Cabinet Yang III : 100 jours et 1000 incertitudes

Cabinet Yang III : 100 jours et 1000 incertitudes

Yang Philemon:Camer.be09 décembre 2011-19 mars 2012. 100 jours que le chef de l’Etat, Paul Biya, a rendu public le gouvernement dit des «grandes réalisations».Première équipe gouvernementale à l’œuvre dans le cadre du nouveau (et probablement dernier) septennat de l’homme du 06 novembre 1982 à la tête de l’Etat du Cameroun, de nombreuses attentes ont été placées en le cabinet «Yang III».Lors du conseil ministériel post-gouvernement du 09 décembre dernier, qui s’est tenu le 15 suivant, M. Biya a, en des termes directs, mis le gouvernement sous pression : «Je vous le dirai sans fard, c’est une très lourde tâche qui vous attend, les uns et les autres. Il s’agit, ni plus ni moins, d’imprimer à notre économie une « nouvelle dynamique » et de mettre notre pays sur les rails de l’émergence. Il faut donc que chacun d’entre vous se pénètre de l’importance et de l’urgence de la mission qui est la sienne.»

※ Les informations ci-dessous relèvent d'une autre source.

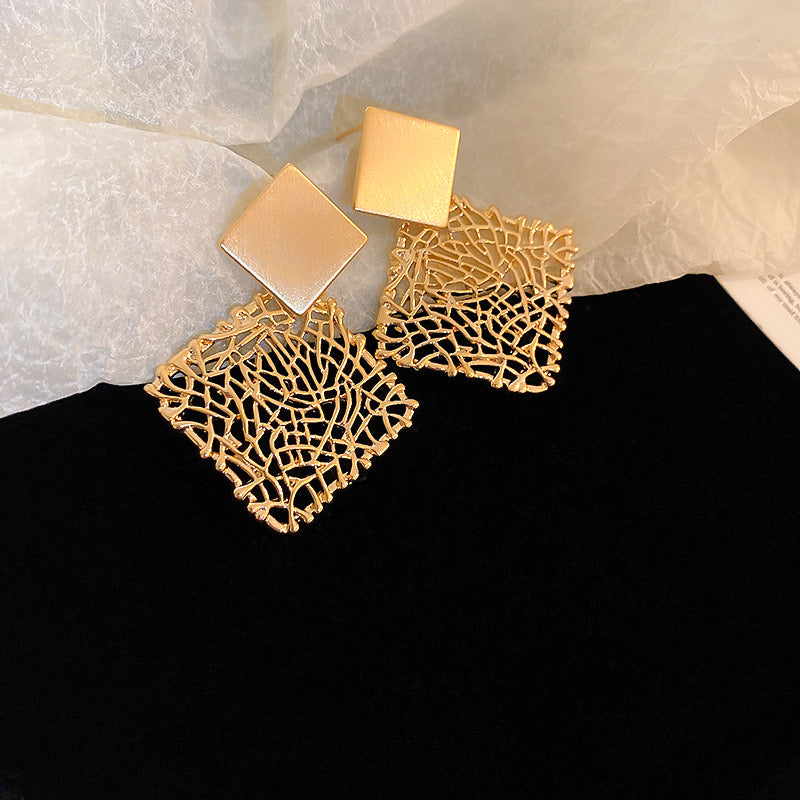 Filigree Post Earring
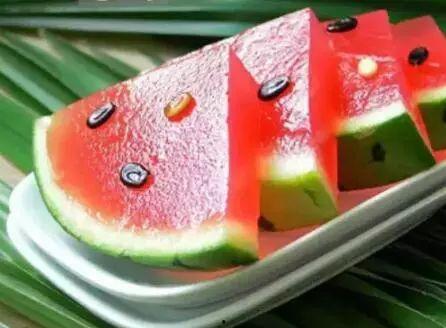 吃瓜冠宠,揭秘娱乐圈的甜蜜与争议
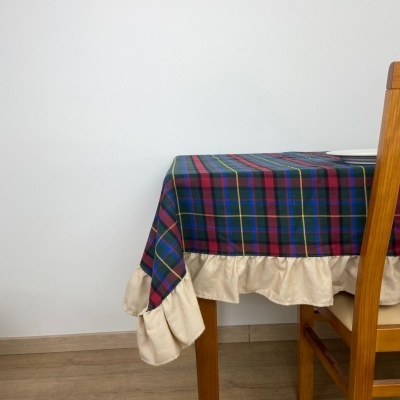 Toalha de mesa xadrez com volante bege em mesa de madeira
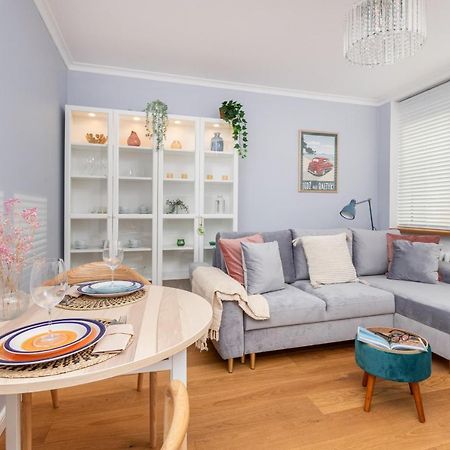 Cozy Pastel Two Bedroom Apartment In Central Gdynia By Noclegi Renters Extérieur photo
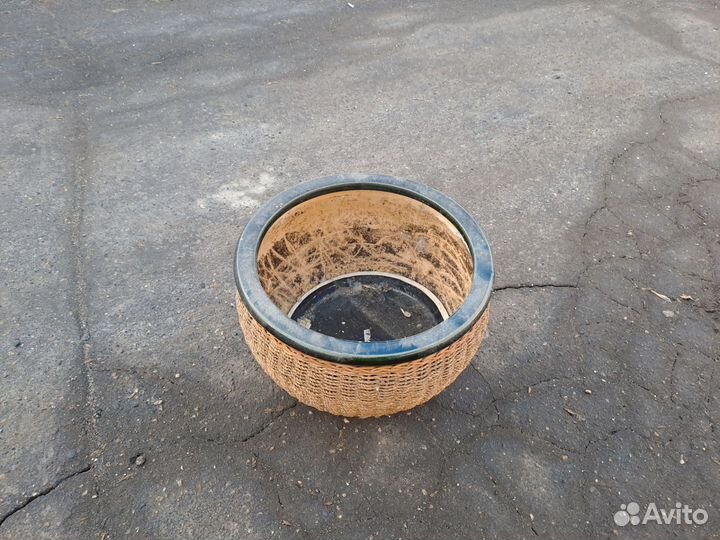 Кашпо для цветов большое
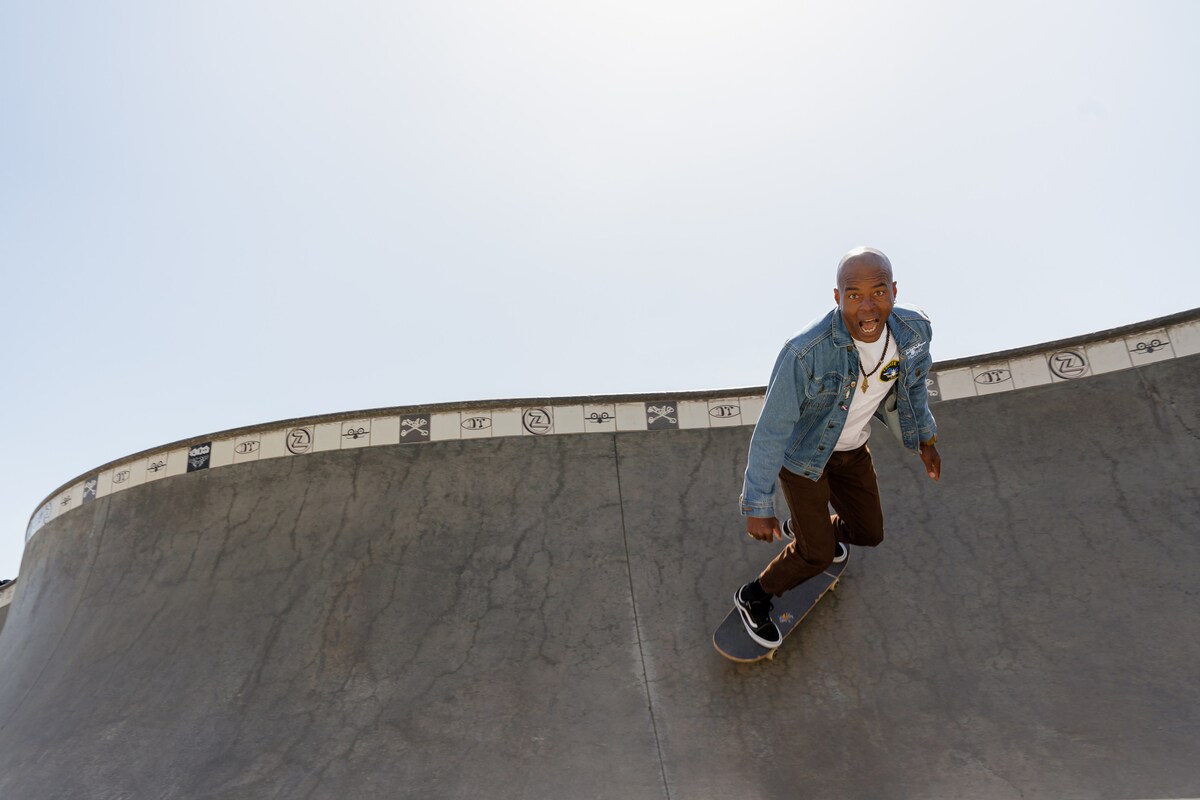 Learn to skateboard in Venice with a Z-Boy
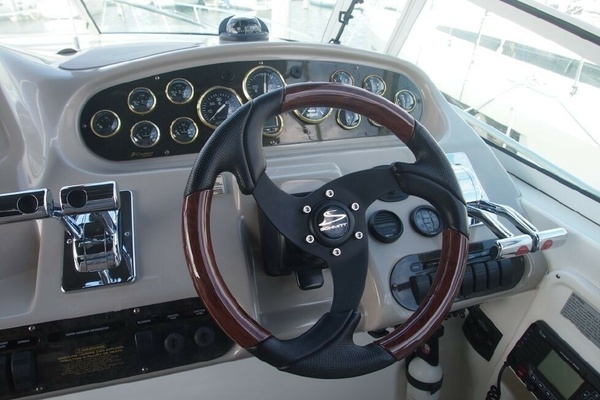 Photo of the 2002 Cruisers Yachts 3572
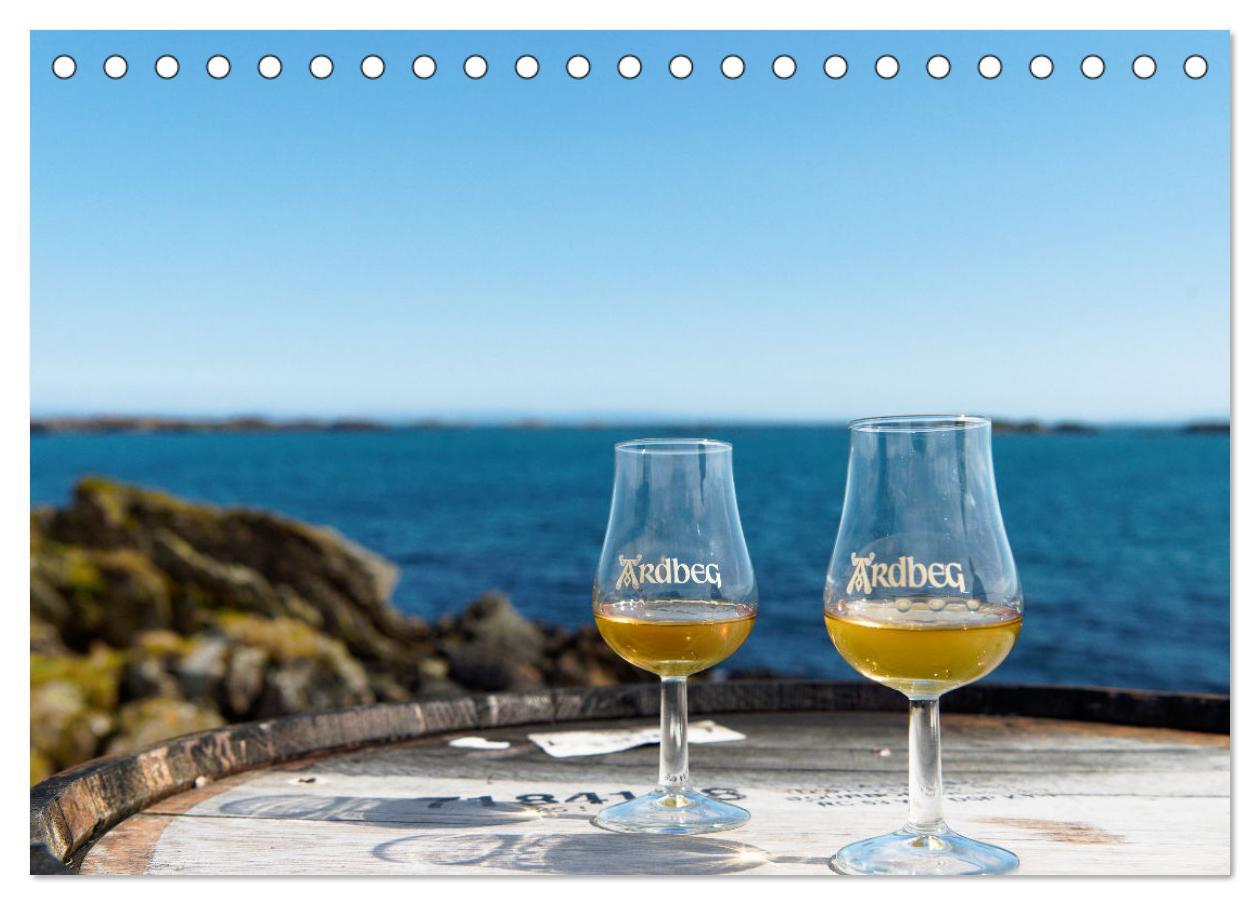 Bild: 9783383952951 | Islay - Heimat des Malt Whisky (Tischkalender 2025 DIN A5 quer),...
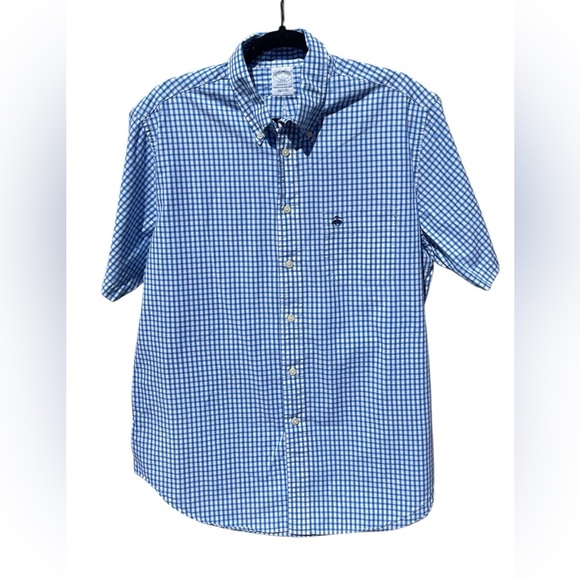 Brooks Brothers Regent 100% Cotton Short Sleeve Button Down Shirt Size Large - Picture 2 of 6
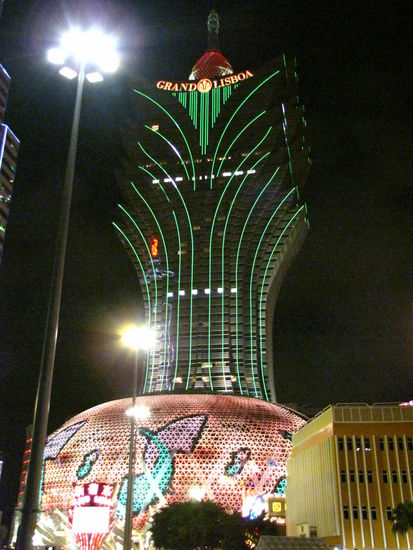 Das Grand Lisboa bei Nacht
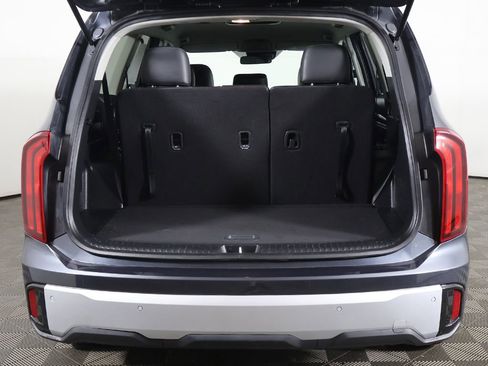 Used 2023 Kia Telluride LX AWD/4WD image 15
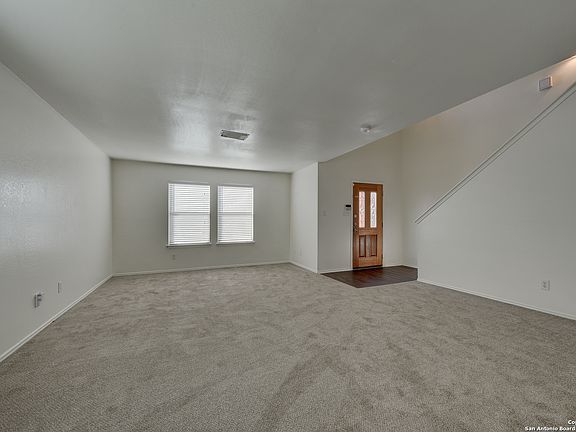 2nd image of 9331 CENTROVISTA DR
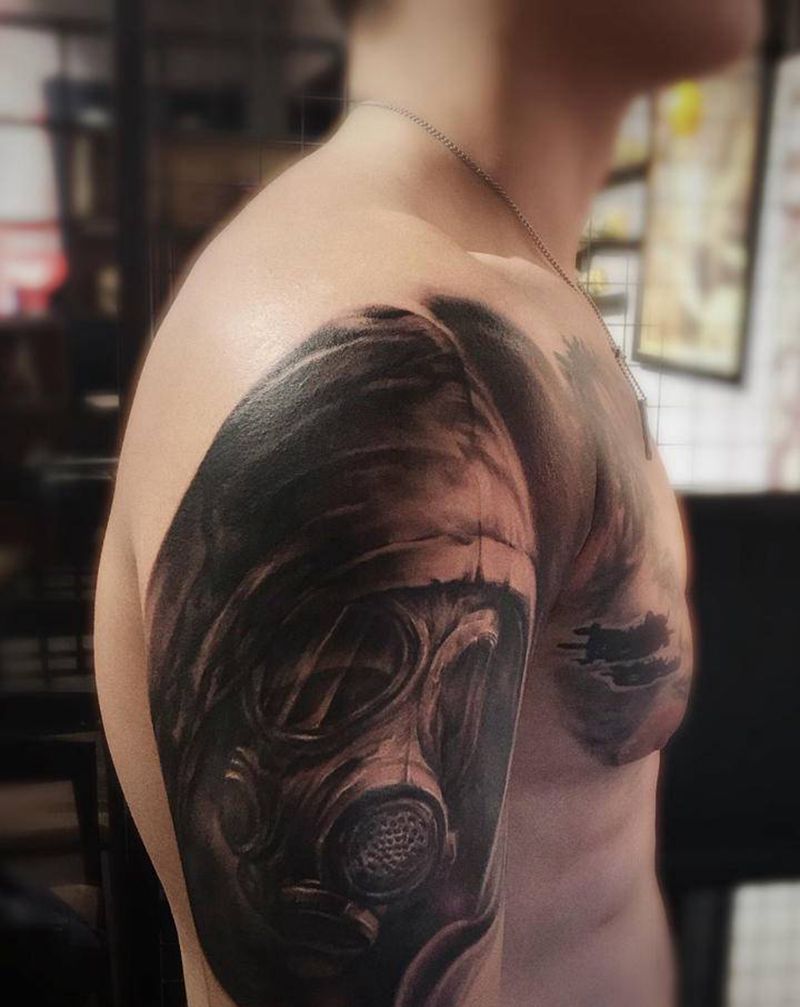 防毒面具//未完纹身图片_肩部欧美写实纹身图案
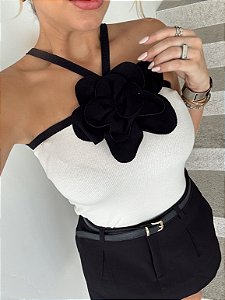 BLUSA MAVIE OFF WHITE COM PRETO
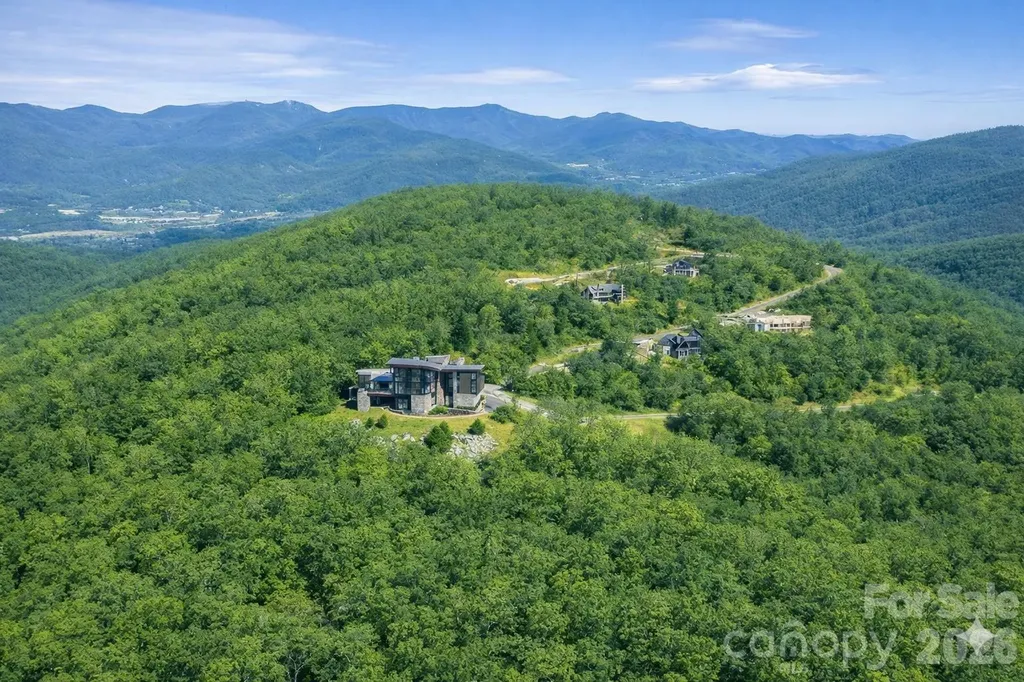 9997 Southcliff Parkway Fairview NC 28730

Plus loin, il indiquera que «la période qui s’ouvre devant nous est capitale. Nous avons une obligation de résultat. Nous bénéficions de plusieurs facteurs favorables : climat, abondantes ressources naturelles, ressources humaines de qualité, etc. Notre problème est de les mettre en valeur, ce qui dépend essentiellement de nous. Nous devons donc nous mobiliser, gouvernement, administration, société civile, etc., pour donner au développement de notre pays ce nouvel élan que notre peuple attend. Tant de choses en dépendent : relance de l’économie, recul du chômage, baisse de la pauvreté, amélioration des conditions de vie, entre autres». 100 jours après la formation du gouvernement des «grandes réalisations», Mutations évalue, dans le présent dossier, le chemin parcouru afin de mieux scruter l’avenir.
 
100 jours et 1000 incertitudes

Les Camerounais attendent toujours le déclic, en dépit d’une volonté politique moins discrète.

Le 06 mars dernier, le président de la République, Paul Biya, a validé les feuilles de route ministérielles commandées lors du conseil ministériel du 15 décembre 2011. Au total, près de 90 jours se sont écoulés entre la commande présidentielle et la tombée des copies au Palais de l’unité. «Ces feuilles de route ont fait l'objet d'un examen concerté entre les différents départements ministériels concernés, les services du Premier ministre et le secrétariat général de la présidence de la République. Cette démarche consensuelle a abouti à un catalogue d'activités, de projets et de programme réalistes, adossés sur les ressources budgétaires de l'exercice en cours. Ce schéma permettra de procéder le moment venu, à l'évaluation semestrielle d'étape prescrite par le chef de l'Etat et d'identifier en la circonstance, les manquements, les retards éventuels et les raisons y afférentes», expliquait alors le secrétaire général de la présidence de la République, Ferdinand Ngoh Ngoh.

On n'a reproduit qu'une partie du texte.